En contraste avec la longue énumération des œuvres de la chair, le fruit de l’Esprit est unique : " Voici le fruit de l’Esprit : amour, joie, paix, patience, bonté, bienveillance, foi, douceur, maîtrise de soi ; contre de telles choses, il n’y a pas de loi. Ceux qui sont au Christ ont crucifié la chair avec ses passions et ses désirs. Si nous vivons par l’Esprit, marchons aussi sous l’impulsion de l’Esprit " (22-25).
Il y a bien une liste mais le fruit est au singulier. En tête de la liste figure l’agapè, l’amour, la charité. L’Esprit produit un seul fruit, la charité qui est à la source de tout le comportement moral du chrétien. La suite de la liste vient comme détailler les composantes de l’amour un peu comme le prisme décompose la lumière blanche ; ou encore, du tronc unique qu’est l’amour éclatent, tels des bourgeons, les multiples vertus qui portent l’homme à un agir plus humain et plus chrétien. Il est vrai que la vie chrétienne est simple puisqu’elle consiste à se mettre, dans la mouvance de l’Esprit d’amour, au service du prochain (5,13).

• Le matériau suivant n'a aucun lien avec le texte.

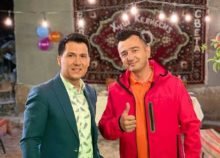 Bojalar guruhi va Qilichbek Madaliyev - Osmonda qushlar qo'shiq matni, lyrics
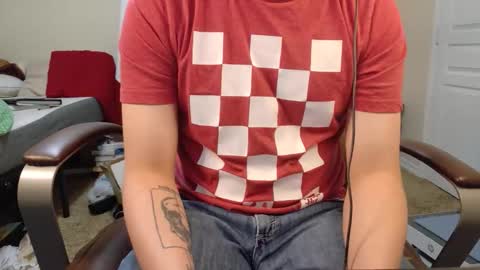 Snapshot of isaac_sheffield chatting on 11.19.25 isaac online show from 11.19.25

Dans l’Esprit c’est l’amour de Dieu qui a été répandu dans nos cœurs. Il est l’effet de la foi. Comme c’est l’amour d’un chrétien il est orienté d’abord et avant tout vers Dieu. Mais dans ce passage Paul pense avant tout à l’amour du prochain qui se manifeste à travers les actes. Dans la mesure où l’amour est fruit de l’Esprit Saint il comporte nécessairement et du même mouvement l’amour dû à Dieu. " L ‘amour se suffit à lui-même, il plaît par lui-même et pour lui-même. Il est à lui-même son mérite, il est à lui-même sa récompense. L’amour ne cherche hors de lui-même ni sa raison ni son fruit : son fruit c’est l’amour même. J’aime parce que j’aime. J’aime pour aimer… Quelle grande chose que l’amour, du moins il remonte à son principe, s’il retourne à son origine, s’il reflue vers sa source pour y puiser un continuel jaillissement " (saint Bernard commentant le Cantique des Cantiques). L’amour, c’est le nom de Dieu et le cœur du christianisme.

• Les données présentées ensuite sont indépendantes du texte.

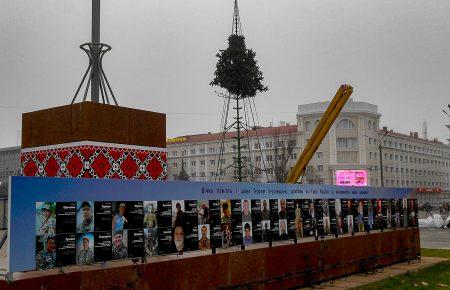 У Херсоні головну ялинку монтують біля меморіалу загиблим на Донбасі. Частина містян проти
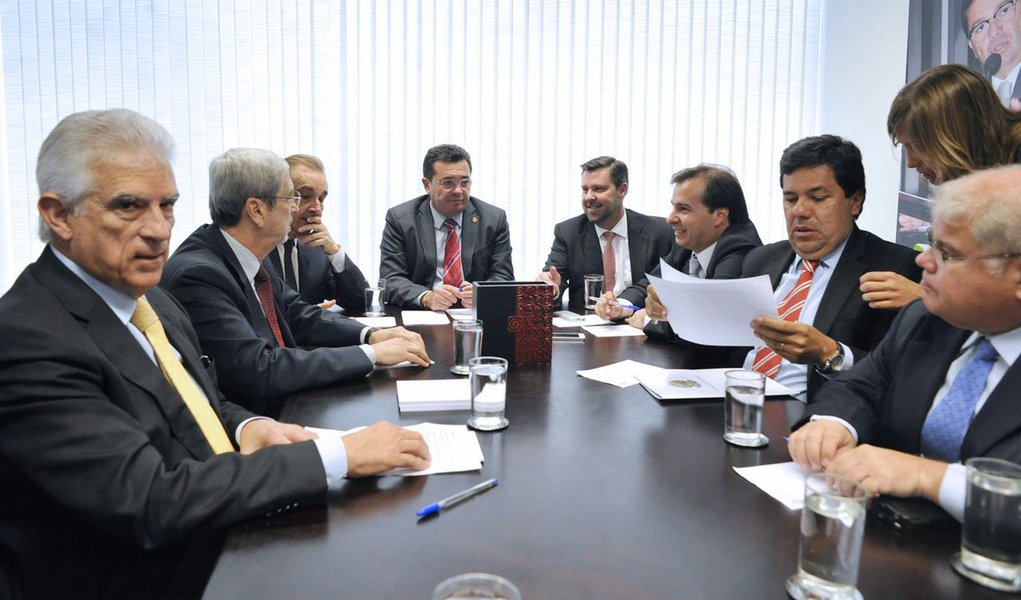 Logo após reunião de líderes do Congresso, nesta manhã, o senador Vital do Rêgo (PMDB-PB), presidente da CPI Mista da Petrobras, informou que o ex-diretor da estatal Paulo Roberto Costa será convocado a depor na comissão; expectativa é de que ele seja ouvido na próxima quarta-feira 17 e a CPI já está tomando providências para seu transporte do Paraná, onde está preso, para Brasília (Foto: Gisele Federicce) Logo após reunião de líderes do Congresso, nesta manhã, o senador Vital do Rêgo (PMDB-PB), presidente da CPI Mista da Petrobras, informou que o ex-diretor da estatal Paulo Roberto Costa será convocado a depor na comissão; expectativa é de que ele seja ouvido na próxima quarta-feira 17 e a CPI já está tomando providências para seu transporte do Paraná, onde está preso, para Brasília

La joie est signe de l’amour. Il s’agit de la joie suscitée par l’Esprit et communiqué par Lui. Cette joie est au cœur de l’Evangile. Lorsque Luc veut définir ce qu’est l’Evangile, il fait dire aux anges de la nativité " Ce sera une grande joie pour tout le peuple " (Lc 2,10). Elle est sans rapport avec une émotion simplement passagère. A la base de toute vie chrétienne il y a la conscience de se savoir aimé de Dieu et la joie dans l’Esprit Saint naît de cette certitude. Comme toute joie elle s’extériorise, se communique, se partage, car nul ne fait la fête tout seul. Se savoir aimé de Dieu et avoir envie de partager la joie qui en résulte est la source du témoignage et de la vie missionnaire. C’est encore l’Esprit qui fait tressaillir le Christ de joie dans l’action de grâce au Père, pour ce que celui-ci a disposé dans sa bienveillance : " Il exulta sous l’action de l’Esprit Saint et dit : je te loue Père, Seigneur du ciel et de la terre, d’avoir caché cela aux sages et aux intelligents et de l’avoir révélé aux tout petits " (Lc 10,21-22 // Mt 11,25-27). La joie est un des signes extérieurs de la présence de l’Esprit dans le cœur des croyants. Et c’est pourquoi saint François de Sales disait, en commentant ce passage : " un saint triste est un triste saint ".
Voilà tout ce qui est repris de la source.